▸ **DATASET EXCERPT**:

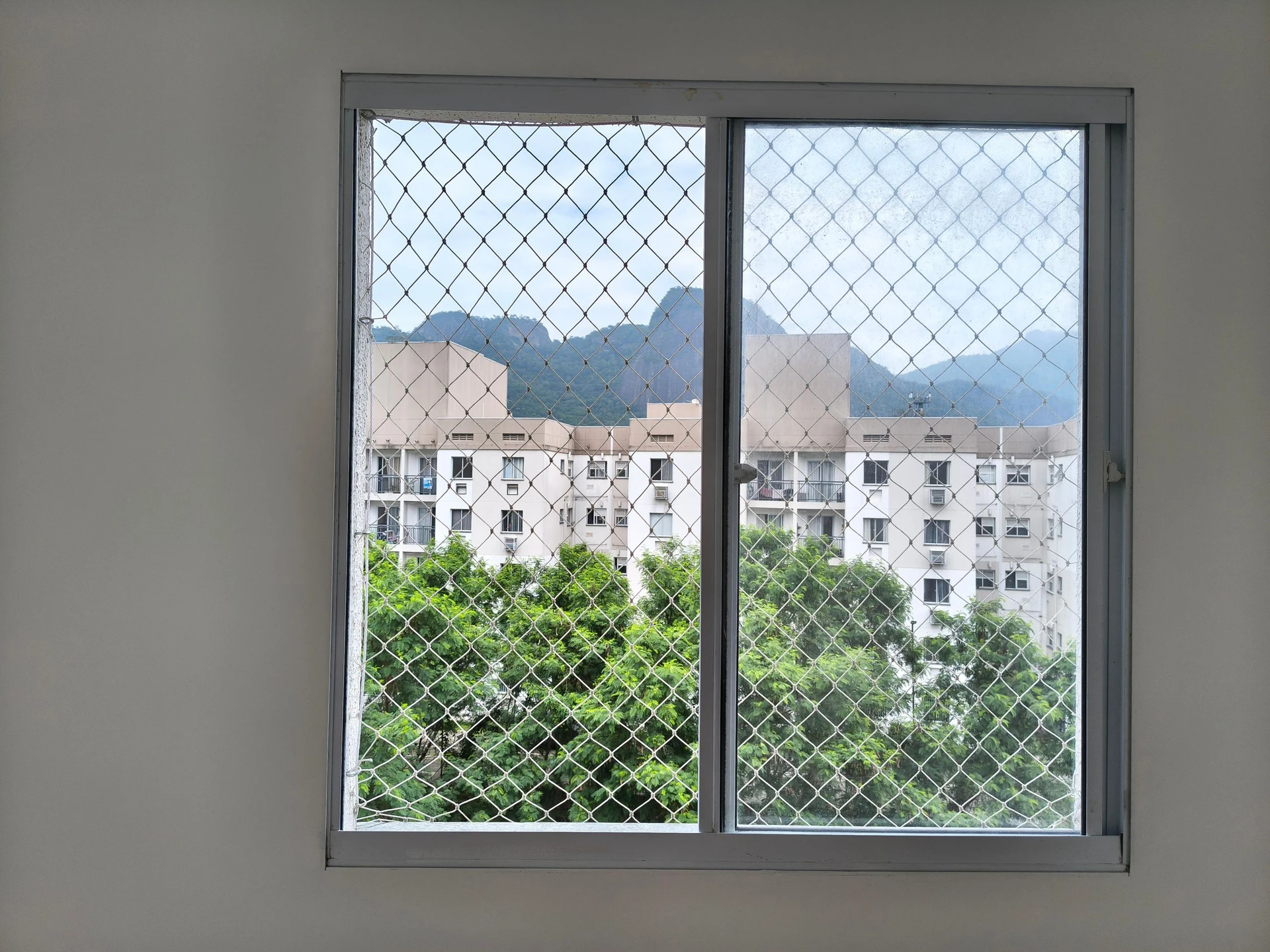 Mountain view in a 2-bedroom apartment, 45 m² — photo 36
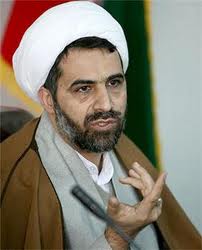 هشت سال است مشتی روضه خوان و مداح سردمدار اندیشه شده‌اند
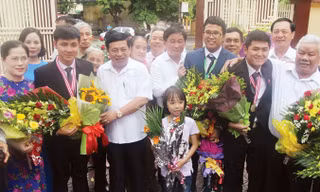 Nghệ An vinh danh học sinh giỏi. Ảnh: Cảnh Huệ.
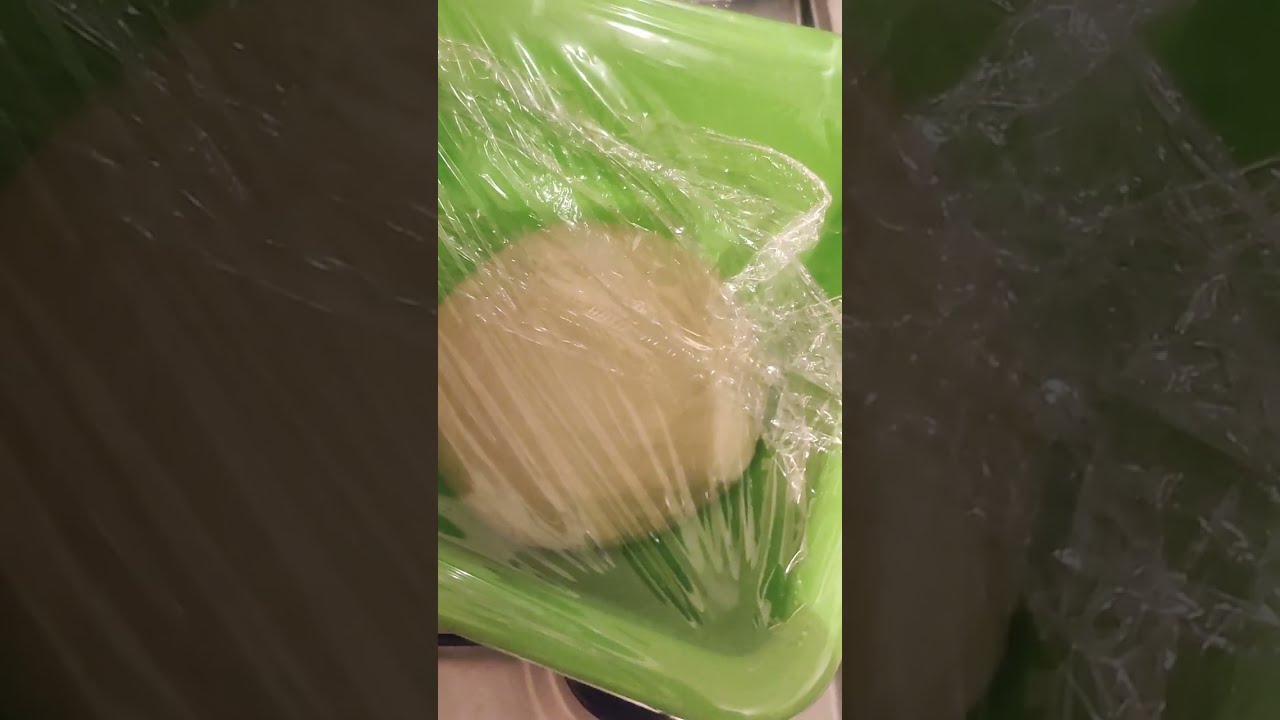 Rauga mīkla. Yeast dough.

▸ **TASK GOAL**: "Nghệ An vinh" marks the first line to be returned; return exactly that line and every line after it through the last line of the listing, omitting pictures.

▸ **YOUR RESPONSE**:
 Nghệ An vinh danh học sinh giỏi. Ảnh: Cảnh Huệ.
 Rauga mīkla. Yeast dough.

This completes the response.